Rummaging in Research

Sat in the garden, coffee to hand, laptop open, snatches of sun sneaking through gaps in the clouds, and I can hear that familiar sound of summer: someone cutting their lawn. Ah! And here comes cake. This is a lazy, go-slow sort of holiday – just what we needed. This morning we collected daughter no. 1 from a single carriage train that dropped her off on a teeny-tiny archaic Victorian platform. It reminded me of my University days and my father collecting me from a request stop on the Tarka line. She’s been working and has come to join us for a few days. Now she sits playing Connect Four with daughter no. 2, coffee and cake beside her, while an ancient rusty tractor trundles past. Though there isn’t a lot to do around here, I am told we are booked to visit an observatory tomorrow to have a look at their big telescope. We will walk again this afternoon.

My husband plans to walk a long-distance path (135 miles) starting on Saturday. He has more time off than me and has chosen to spend it exploring the ups and downs of country lanes, fields and forest on foot. He will be crossing stunning countryside. No consideration forgotten as he plans the expedition, but I am feeling a little exhausted from listening to all the preparation talk; his need for this and need for that. It would seem that the preparation is as exciting as the walk itself. He has also been eating to gain weight so that he can take less food with him – at least that is the idea – but his habits are placing a lot of temptation on my table. I feel that all I have done this week is eat, sleep, read and rest.

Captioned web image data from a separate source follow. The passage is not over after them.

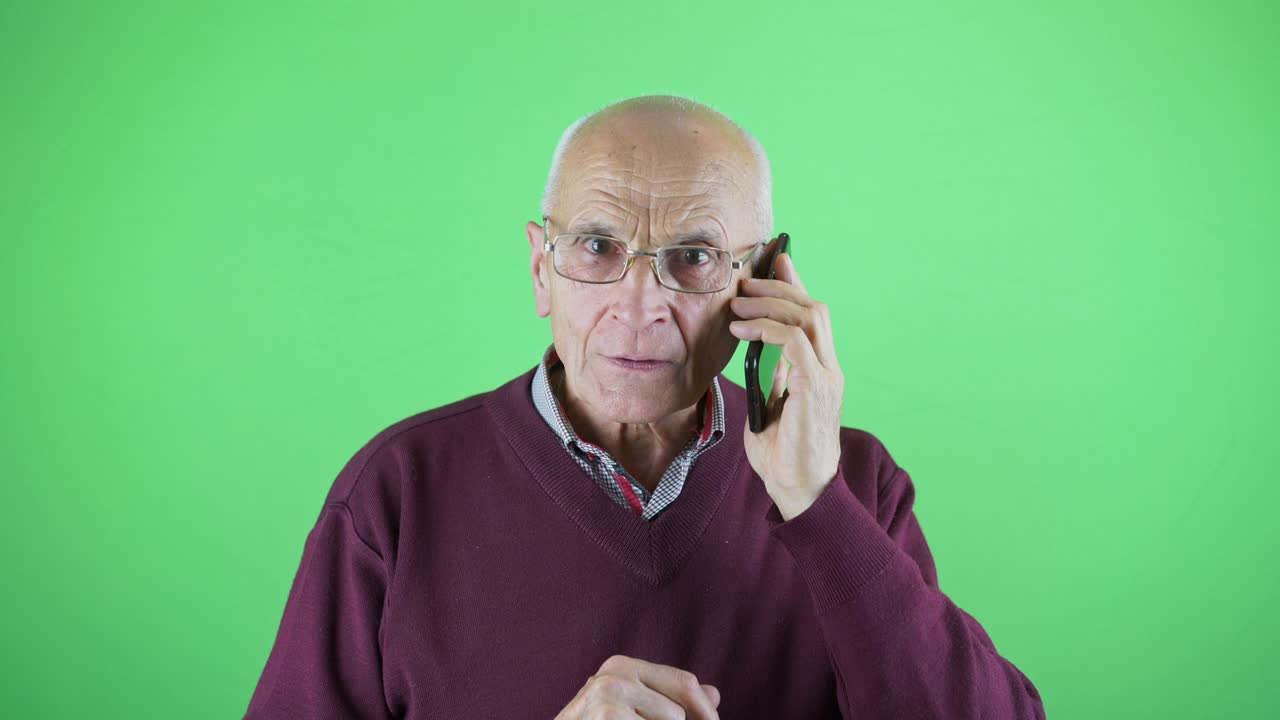 Aged person in glasses typing number and calling with smartphone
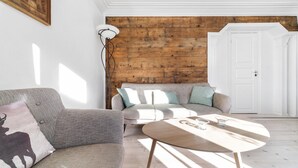 A living room with a wooden wall, a sofa, a coffee table, and a floor lamp.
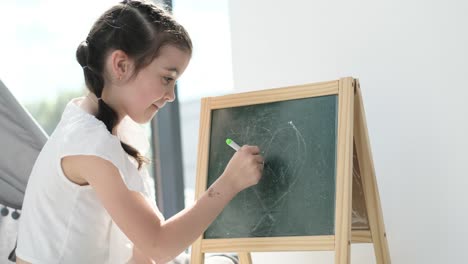 young girl drawing a heart on a chalkboard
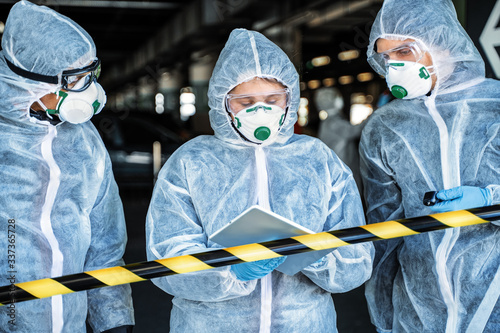 Team of healthcare workers wearing hazmat suits working together to control an outbreak in the city photo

In truth, I have indulged in a favourite past-time. I have been able to do some more research for my writing and have been rummaging through the big old kist that harbours my great-grandmother’s hoards: photographs, letters, postcards, journals, invitations, newspaper cuttings, magazines, all sorts.

The kist

She started a good thing and my grandparents continued it. I am so grateful to them. It has made for a fascinating holiday. I have found two letters from Lord Louis Mountbatten in the 1960s, one inviting my grandfather to join him for a drink. Someone has stuck a ‘post it’ note to them commenting on the colour of the ink. Apparently only the Admiralty write in green ink! I have found the negative for a magazine photo of four leading political figures in the establishment of the Union of South Africa. I cannot think why we have the negative, but I also can’t help feeling it is of some significant historical interest. It would seem to be from the early 1900s. I also found a postcard, which I think is in my great-grandfather’s handwriting (not 100% sure) sent from German East Africa during the First World War and written in German. German, why German? I encountered other letters from my great-grandfather written in later life to my grandfather. My own father always spoke so highly of my great-grandfather. He adored him. I have to say that reading these letters really touched my heart. My great-grandfather does indeed come across as such a lovely, lovely man with a strong faith. There is also a pamphlet written by him about the League of Nations’ Finances. I was most intrigued to see the list of countries that continued to pay their membership fees to the League throughout the war. The name that surprised me most was Afganistan.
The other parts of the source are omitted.